マレーシアがF1を最後に開催したのは2017年。以来MotoGPは開催を継続している。
「我々は過去の過ちを繰り返したくない。F1を手放してしまい、今では取り戻すのが非常に難しくなっている。MotoGPで同じ過ちを犯したくない。F1に戻るには待機リストがあり、しかも費用は非常に高額だ」
「リバティ・メディアから提示された開催料は1戦あたり7000万ドル(約103億円)だ。これにサーキット側の準備費用が加わる。年間総額で3億リンギット(約105億円)を超える負担になる。
多くの国々が開催を希望しているので簡単ではない。しかし本当に復帰を目指すのであれば、会話を始めることはできる。F1を望んでいるのはSIC(セパン・インターナショナル・サーキット)だけではなく、政府や企業など多くの関係者も同じ思いを持っている。
シンガポールGPのように、政府、企業、ホテルなどすべての関係者が一体となって支えてこそ成功する。もし復帰を目指すなら、同じような形が必要だ。時間もかかるだろう。MotoGPも投資回収まで時間が必要だった。
大切なのは関係者全員が一つになることだ。MotoGPやF1はSICのイベントと見られがちだが、実際には国家的なイベントだ。僕たちは運営やブランディングの先頭に立つが、本質的にはマレーシアのイベントなんだ」
この発言が「セパンがF1をMotoGPより優先したがっている」と解釈されて報じられた。しかし、プロモーターは声明を発表し、現時点での最優先はMotoGPであると強調した。
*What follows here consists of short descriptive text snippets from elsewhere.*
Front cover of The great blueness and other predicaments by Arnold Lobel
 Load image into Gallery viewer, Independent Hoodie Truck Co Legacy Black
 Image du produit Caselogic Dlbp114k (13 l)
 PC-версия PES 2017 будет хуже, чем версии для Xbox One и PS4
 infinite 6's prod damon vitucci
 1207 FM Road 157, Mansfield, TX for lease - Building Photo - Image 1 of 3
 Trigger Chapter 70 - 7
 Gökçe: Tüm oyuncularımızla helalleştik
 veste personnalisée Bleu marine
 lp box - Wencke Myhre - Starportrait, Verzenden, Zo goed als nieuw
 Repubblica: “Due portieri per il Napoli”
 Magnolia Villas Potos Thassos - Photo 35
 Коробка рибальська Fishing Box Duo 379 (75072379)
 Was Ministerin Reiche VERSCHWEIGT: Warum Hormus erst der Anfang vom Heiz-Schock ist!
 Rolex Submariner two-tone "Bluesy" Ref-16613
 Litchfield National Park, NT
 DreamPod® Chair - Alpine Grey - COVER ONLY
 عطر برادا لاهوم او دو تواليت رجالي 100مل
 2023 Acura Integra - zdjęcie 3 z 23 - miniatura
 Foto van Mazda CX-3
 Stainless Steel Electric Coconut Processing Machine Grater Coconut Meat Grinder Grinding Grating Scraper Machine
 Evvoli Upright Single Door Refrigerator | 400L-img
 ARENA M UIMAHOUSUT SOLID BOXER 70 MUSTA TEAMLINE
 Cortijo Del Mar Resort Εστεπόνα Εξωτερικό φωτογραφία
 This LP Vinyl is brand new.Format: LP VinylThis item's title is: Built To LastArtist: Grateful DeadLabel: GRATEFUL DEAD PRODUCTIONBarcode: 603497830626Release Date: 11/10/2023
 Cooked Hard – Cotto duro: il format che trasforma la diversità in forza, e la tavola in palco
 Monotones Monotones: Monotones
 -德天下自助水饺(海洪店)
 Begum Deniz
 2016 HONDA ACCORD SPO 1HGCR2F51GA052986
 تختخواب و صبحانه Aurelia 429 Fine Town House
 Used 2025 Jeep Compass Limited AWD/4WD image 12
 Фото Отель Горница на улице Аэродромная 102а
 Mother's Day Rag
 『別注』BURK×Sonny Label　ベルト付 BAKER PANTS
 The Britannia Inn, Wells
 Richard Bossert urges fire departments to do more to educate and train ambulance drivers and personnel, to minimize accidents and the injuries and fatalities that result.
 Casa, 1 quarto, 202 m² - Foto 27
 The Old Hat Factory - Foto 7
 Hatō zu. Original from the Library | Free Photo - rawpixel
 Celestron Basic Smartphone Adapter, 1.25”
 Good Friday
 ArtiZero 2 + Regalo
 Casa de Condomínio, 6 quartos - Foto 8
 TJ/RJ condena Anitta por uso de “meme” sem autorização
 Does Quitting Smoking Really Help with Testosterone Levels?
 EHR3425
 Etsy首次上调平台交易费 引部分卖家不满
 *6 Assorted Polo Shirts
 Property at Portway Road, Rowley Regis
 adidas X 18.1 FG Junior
現時点での狙いは、2026年以降もマレーシアGPをMotoGPカレンダーに残す契約延長だ。SICは声明でこう述べている。
「PETRONASセパン・インターナショナル・サーキットは、最近の報道について明確にしたい。我々のCEOの発言は、2026年以降のMotoGPマレーシア契約更新に関するものであり、F1復帰を意図したものではない。F1は我々の歴史にとって重要な存在だが、開催権を取り戻すのは複雑かつ高額な挑戦だ。我々の最優先事項はMotoGPを守ることであり、これはマレーシアのファンに強く支持され、観戦や運営の面でもF1よりはるかに手が届きやすい。
現行のMotoGP開催契約は2026年までとなっている。我々はスポーツ省(KBS)、ドナルナ・スポーツ社、その他関係者と緊密に連携し、この世界的イベントをマレーシアに継続することを目指している。
SICは、経済、観光、発展への影響について包括的なデータと分析を提供し、今後の判断を支援していく。我々はファンや関係者の情熱に感謝し、MotoGPの未来を守るため尽力することを改めて約束する」
セパンの最優先はMotoGP継続。その先にF1復帰の可能性はあるが、現実的には長い道のりとなりそうだ。